According to the recently published report Building Trust in a Cloudy Sky: The State of Cloud Adoption and Security, which surveyed 1,400 IT security professionals from around the globe, 73 percent of businesses are planning to store all their data in cloud data centers within 2 years. This is not unexpected as International Data Corporation (IDC) expects worldwide spending on public cloud computing to increase to $162 billion by 2020, up from $67 billion in 2015.

The question is what makes cloud storage solutions so valuable to businesses that they dedicate most of their IT budgets to cloud adoption. And, perhaps even more importantly, are there any disadvantages of cloud storage for business? This article will help you find the answers to these questions.

The Disadvantages of Using Cloud Storage

Vendor Lock-In

The term vendor lock-in describes the situation when a customer becomes so dependent on a single vendor and the products or services the vendor provides that the customer is unable to switch to another vendor without substantial expenses. Not all cloud hosting solutions integrate equally well with all business software solutions and operating systems, which means that it’s paramount to select a vendor that will be a good fit for your business.

Privacy

While cloud storage providers go out their way to ensure that malicious hackers can’t access your data, what guarantee you have that your cloud storage provider won’t be the one with malicious intent? Depending on who your customers are and what kind of business you run, it might be feasible for you to trust a third-party with your data. In that case, a private storage solution is your only option.

Security

In 2016, Dropbox made headlines when it was revealed that the prominent cloud storage provider had become a victim of a hacker in 2012, which ultimately led to over 68m users’ email addresses and passwords being leaked online.

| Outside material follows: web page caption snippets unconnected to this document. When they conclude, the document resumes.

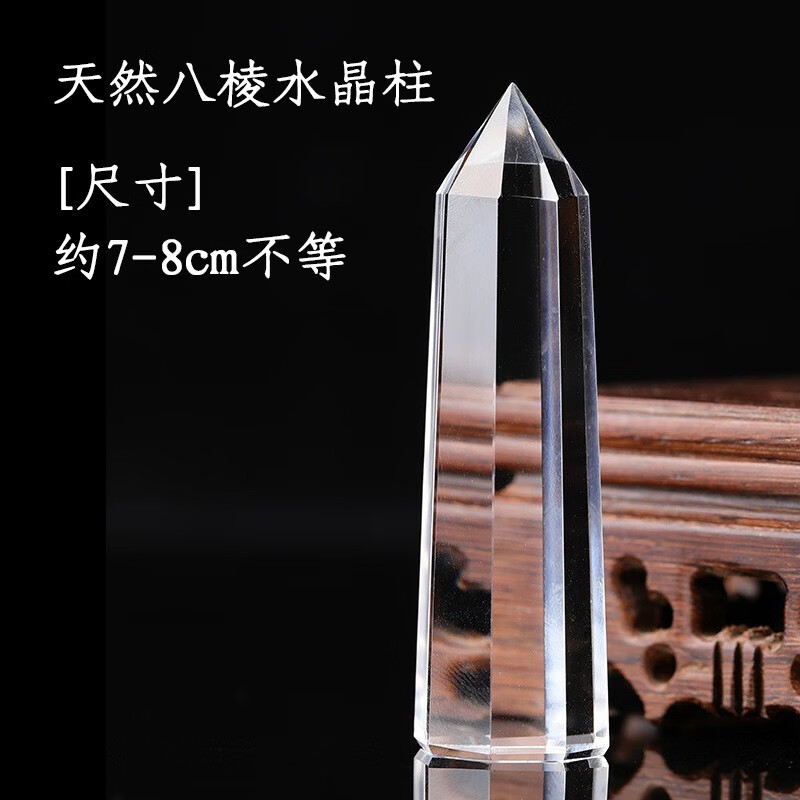 三漫陀七脉轮白水晶柱原石顶轮能量八面六棱八棱单尖柱摆件 天然八棱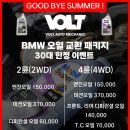 볼트오토메카닉 이미지
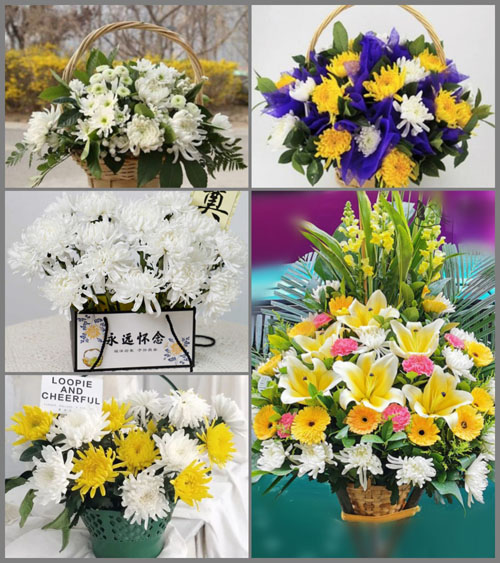 四川成都彭州市桂花镇三圣村白事提篮配送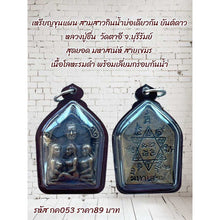 โหลดรูปภาพลงในเครื่องมือใช้ดูของ Gallery Thai Amulet Coin Khun Phan Three Sisters Wat Ta E Buriram Cultural Keepsake
Th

When you store your data on the servers of another company, you are putting yourself at the mercy of the company’s cyber security defenses. For most businesses, it’s a risk well worth taking, but not for all. How comfortable would you be handing over your whole company’s data over to Google or Dropbox?

Bandwidth Issues

For a cloud storage service to work flawlessly, it’s necessary to have a high-speed Internet connection, and the bandwidth requirements only grow higher with more employees using the cloud solution. Internet Service Providers will always boast about the speed, but the first number they give you is the download speed, not the upload speed. With cloud storage, having a fast upload speed is VERY important. This issue is especially more prevalent when dealing with uploading and downloading large files. Say you’re an architect firm that renders high resolution designs everyday. Cloud storage would definitely be a bottleneck in this scenario. For businesses with a limited budget or those located in rural areas, cloud storage may be out of the question simply because they don’t have access to a fast internet connection. Surprisingly even some urban communities have limited broadband speed.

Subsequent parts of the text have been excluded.